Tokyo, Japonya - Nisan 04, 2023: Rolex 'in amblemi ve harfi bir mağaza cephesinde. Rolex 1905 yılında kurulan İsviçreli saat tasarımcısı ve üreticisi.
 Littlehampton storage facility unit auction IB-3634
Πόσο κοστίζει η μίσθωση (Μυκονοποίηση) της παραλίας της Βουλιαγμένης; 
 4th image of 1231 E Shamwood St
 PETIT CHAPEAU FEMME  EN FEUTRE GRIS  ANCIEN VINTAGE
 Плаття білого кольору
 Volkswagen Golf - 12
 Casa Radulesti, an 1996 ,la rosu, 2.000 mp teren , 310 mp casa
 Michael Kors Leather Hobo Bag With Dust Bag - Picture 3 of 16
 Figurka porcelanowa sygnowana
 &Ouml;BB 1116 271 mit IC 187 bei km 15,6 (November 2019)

········

_EXERCISE REQUIREMENTS_.
Each record, from first to last, should be returned verbatim.

_FINISHED TASK_.
Tokyo, Japonya - Nisan 04, 2023: Rolex 'in amblemi ve harfi bir mağaza cephesinde. Rolex 1905 yılında kurulan İsviçreli saat tasarımcısı ve üreticisi.
 Littlehampton storage facility unit auction IB-3634
Πόσο κοστίζει η μίσθωση (Μυκονοποίηση) της παραλίας της Βουλιαγμένης; 
 4th image of 1231 E Shamwood St
 PETIT CHAPEAU FEMME  EN FEUTRE GRIS  ANCIEN VINTAGE
 Плаття білого кольору
 Volkswagen Golf - 12
 Casa Radulesti, an 1996 ,la rosu, 2.000 mp teren , 310 mp casa
 Michael Kors Leather Hobo Bag With Dust Bag - Picture 3 of 16
 Figurka porcelanowa sygnowana
 &Ouml;BB 1116 271 mit IC 187 bei km 15,6 (November 2019)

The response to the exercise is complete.